Ecco che ancora una volta Boyle ci mostra le sue evoluzioni registiche: le inquadrature sono ristrettissime e ravvicinate al viso di Franco, alla sua mano, alla roccia, al suo zaino. C'è un restringersi della focale sul cervello di Ralston e sui meccanismi che scattano nella testa di un uomo in una situazione simile. L'inquadratura, così, ci porta nel posto più stretto, inquietante e claustrofobico che possa esistere, ma allo stesso tempo l'orizzonte si amplia. Esatto: Boyle gioca su un “inversamente proporzionale” di elevata caricatura e di significato a dir poco profondo. Se nella natura aperta e senza confini - quella dei campi lunghissimi e delle panoramiche - Ralston amava essere solo e unico, senza legami di alcun tipo, senza pensare a nulla che non fosse la sua corsa e la sua arrampicata, nella natura chiusa, nemica e angusta, Ralston rivede tutti i suoi valori: appunto, l'orizzonte della sua mente si amplia. Inizia a ripensare alla sua vita. Ai suoi genitori, a sua sorella, alla sua fidanzata. A ciò che fa quotidianamente, al poco significato che dà di solito alle cose. Improvvisamente, anche le inezie diventano della massima importanza. Il sole: un piccolo raggio di sole che dura quindici minuti al giorno e che arriva ad illuminargli a malapena il piede diventa il passaggio per arrivare a qualcosa di molto più abissale, un ricordo, il ricordo del passato, di quando era bambino e condivideva il sole del Canyon con il papà.
Ecco: condivisione. Se Aron avesse condiviso con qualcuno la millesima parte della sua vita, non si sarebbe trovato lì, così. Se avesse condiviso, una misera, anonima e inanimata pietra non sarebbe diventata il suo destino. Lo dice lo stesso Aron: ad un certo punto inizia a pensare che quella pietra fosse lì da prima di lui e che lo avesse aspettato pazientemente per secoli con l'unico scopo di bloccargli la mano.
Aron Ralston si trova così tra il tempo rivalutato della sua vita e un destino inafferrabile e inconcepibile.

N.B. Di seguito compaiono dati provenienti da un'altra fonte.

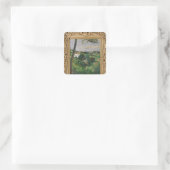 Paul Cezanne | Landschaft mit rotem Dach oder Kief Quadratischer Aufkleber (Tasche)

Cosa farebbe un uomo in una situazione simile?

Ralston racconta di aver avuto “premonizioni” in quella gola; forse si trattava di allucinazioni. Ma una è stata fondamentale per la sua sopravvivenza. C'è un'allucinazione/premonizione che spalanca a Ralston una vita particolare, la sua vita condivisa, raccontata, d'insegnamento ed esempio per qualcuno (non vi dirò cos'è perché dovete vederlo. È una scena molto toccante.).
È a questo punto che Ralston decide di amputarsi il braccio. Qui Boyle arriva all'apice della sua abilità con la macchina da presa: punta tutto sulla sensazione a pelle. Una scena inguardabile, ma in realtà si vede poco o nulla. Si sente soltanto. Boyle opta per una combinazione tra suono e volto di Franco: Franco esibisce gli spasmi più atroci mentre il suono diventa acuto e insopportabile nei momenti in cui Ralston prova più dolore. L'istinto è quello di coprirsi gli occhi, ma pur coprendoseli, lo spettatore sente ugualmente il dolore di Ralston, tale è il lavoro sul sonoro fatto da Boyle.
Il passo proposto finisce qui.